>> Why does Clojure not need retry or orElse when another implementer of
>> STM considers them essential?
> What are retry and orElse? What do they do?

I had hoped to get a reply from someone with experience of both, as
the quote suggests they are for blocking and choice (The article was
the first time I'd seen STM so am absolutely not an expert)

>From the Haskell docs:
retry :: STM a
Retry execution of the current memory transaction because it has seen
values in TVars which mean that it should not continue (e.g. the TVars
represent a shared buffer that is now empty). The implementation may
block the thread until one of the TVars that it has read from has been
udpated. (GHC only)
(this is what made me think of watchers in clojure,
http://clojure.github.com/clojure/clojure.core-api.html#clojure.core/add-watch)

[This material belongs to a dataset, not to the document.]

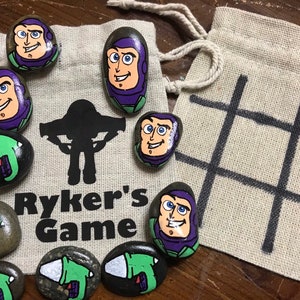 May include: A handcrafted game set with painted rocks depicting Buzz Lightyear and alien characters. The set includes a drawstring bag printed with "Ryker's Game" and a separate bag with a tic-tac-toe grid. The rocks are painted in bright colours.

orElse :: STM a -> STM a -> STM a
Compose two alternative STM actions (GHC only). If the first action
completes without retrying then it forms the result of the orElse.
Otherwise, if the first action retries, then the second action is
tried in its place. If both actions retry then the orElse as a whole
retries.

> "Santa repeatedly sleeps until wakened by either all of his nine
> reindeer, back from their holidays, or by a group of three of his ten
> elves. If awakened by the reindeer, he harnesses each of them to his
> sleigh, delivers toys with them and finally unharnesses them (allowing
> them to go off on holiday). If awakened by a group of elves, he shows
> each of the group into his study, consults with them on toy R&D and
> finally shows them each out (allowing them to go back to work). Santa
> should give priority to the reindeer in the case that there is both a
> group of elves and a group of reindeer waiting."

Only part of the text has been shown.